Joanna Januszkiewicz: Prawnicy dzielą się na prawników kancelaryjnych, urzędowych i in-house’ów, którzy bardzo różnią się od siebie umiejętnościami miękkimi. Przykładowo prawnik in-house powinien mieć wiele specyficznych cech osobowościowych, aby odnieść sukces. Przede wszystkim powinien być przedsiębiorczy. Silne umiejętności biznesowe, których często prawnicy kancelaryjni czy urzędnicy nie mają, są tu ogromnym atutem. Taka osoba zazwyczaj jest partnerem dla zarządu składającego się z osób zorientowanych w biznesie. Elastyczne usposobienie jest kluczową kwestią. In-house często jako jedyny prawnik w organizacji powinien potrafić dogadać się z każdym – począwszy od szeregowego pracownika na prezesie kończąc.

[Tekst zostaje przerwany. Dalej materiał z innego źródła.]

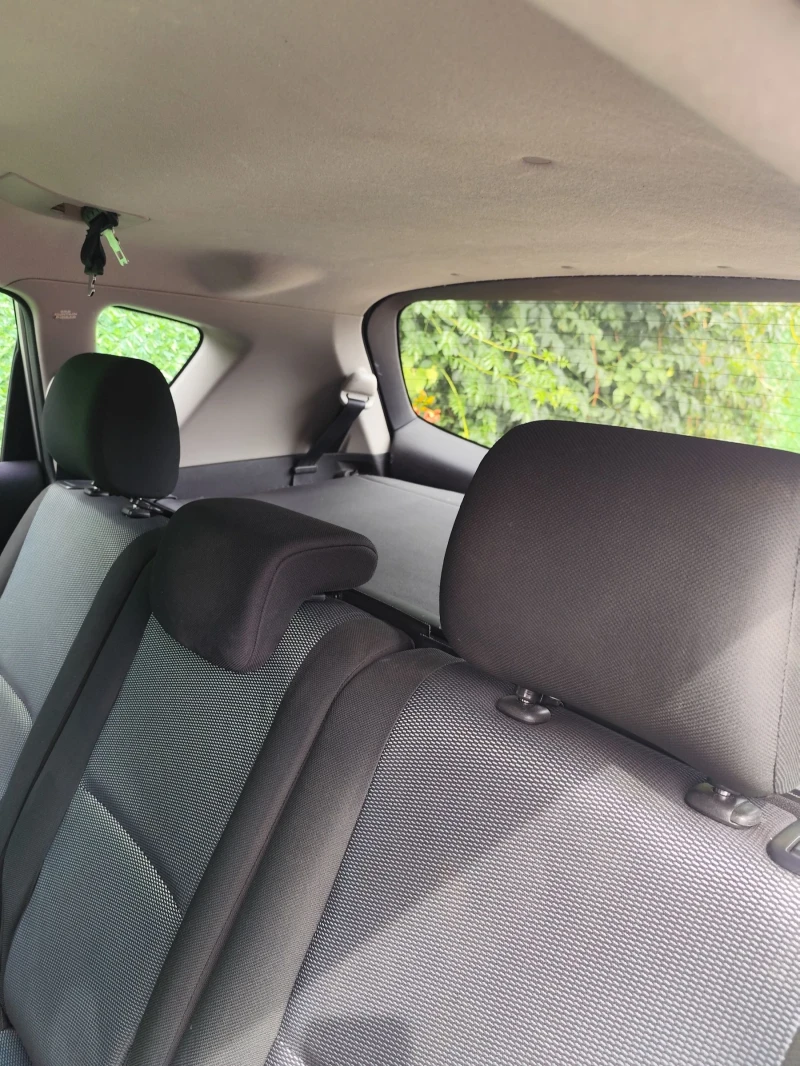 Toyota Corolla verso 2.2  D-4D 136к.с. 7 местна , снимка 6 - Автомобили и джипове - 51709701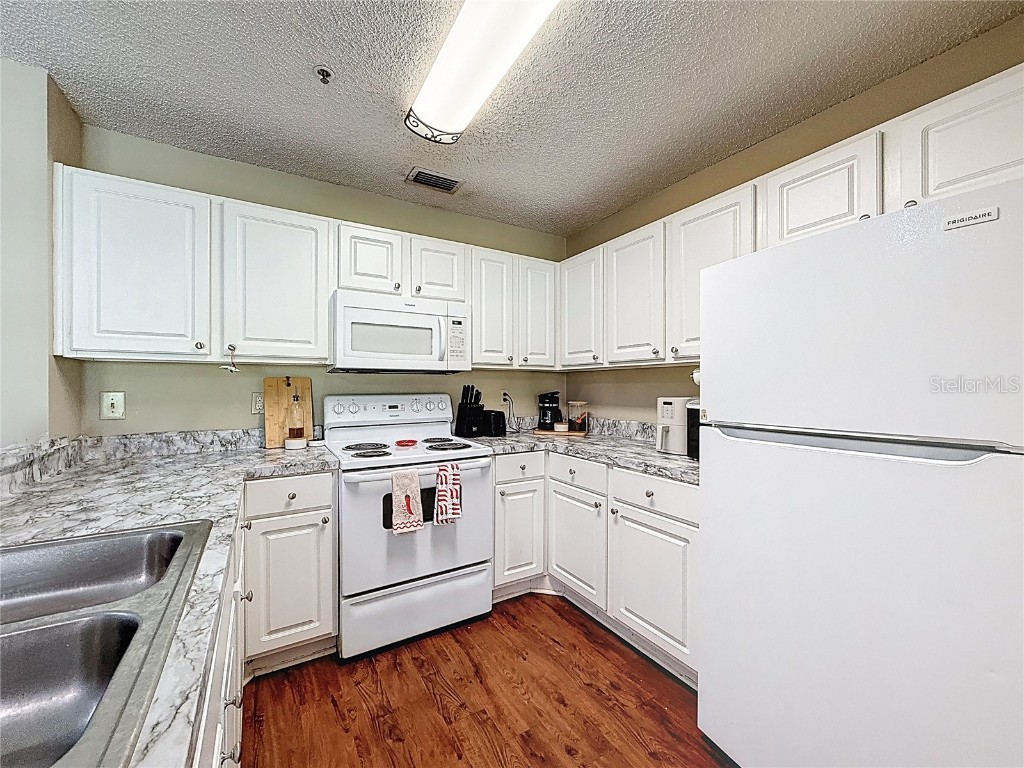 4057 N Crockers Lake Boulevard #23 Sarasota FL 34238 S5138795 image12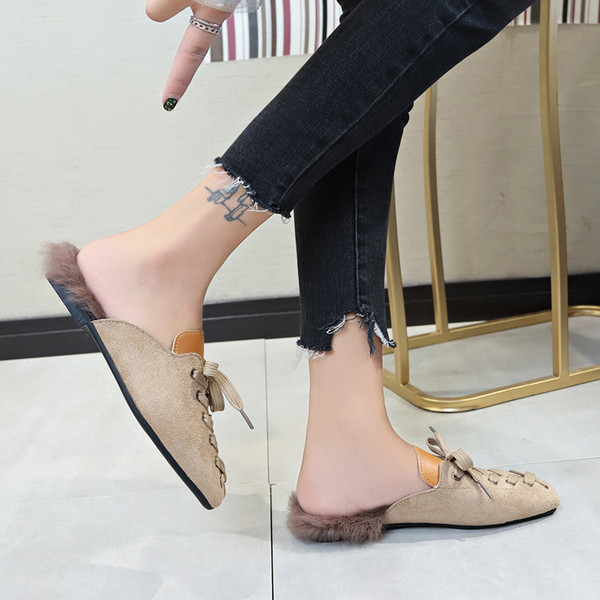 Modern női papucs eco velúrból, fűzővel és eco haj béléssel bézs és fekete színben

Posługiwanie się żargonem prawniczym nie jest pożądane, gdyż mało kto go zrozumie. Dodatkowo in-house powinien mieć umiejętność szybkiej reakcji na nieprzywidziane sytuacje. Zobligowany jest szybko gasić ogień, którego zarzewie powstaje często na zupełnie innym niż prawo gruncie.

Taki prawnik przedsiębiorstwa jest jak najbardziej w stanie osiągnąć zarówno satysfakcję materialną, jak i niematerialną.

Prawnik firmowy dużo częściej ma szansę na równowagę między pracą a życiem prywatnym (work-life balance). Pracuje zazwyczaj w ramach czasu przewidzianego umową. Jego odpowiedzialność w organizacji jest co do zasady ograniczona do zasad kodeksu pracy. Jaki jest minus? Zarobki, które są zazwyczaj niższe niż w renomowanych kancelariach, ale z pewnością przebijają te w małych kancelaryjnych strukturach.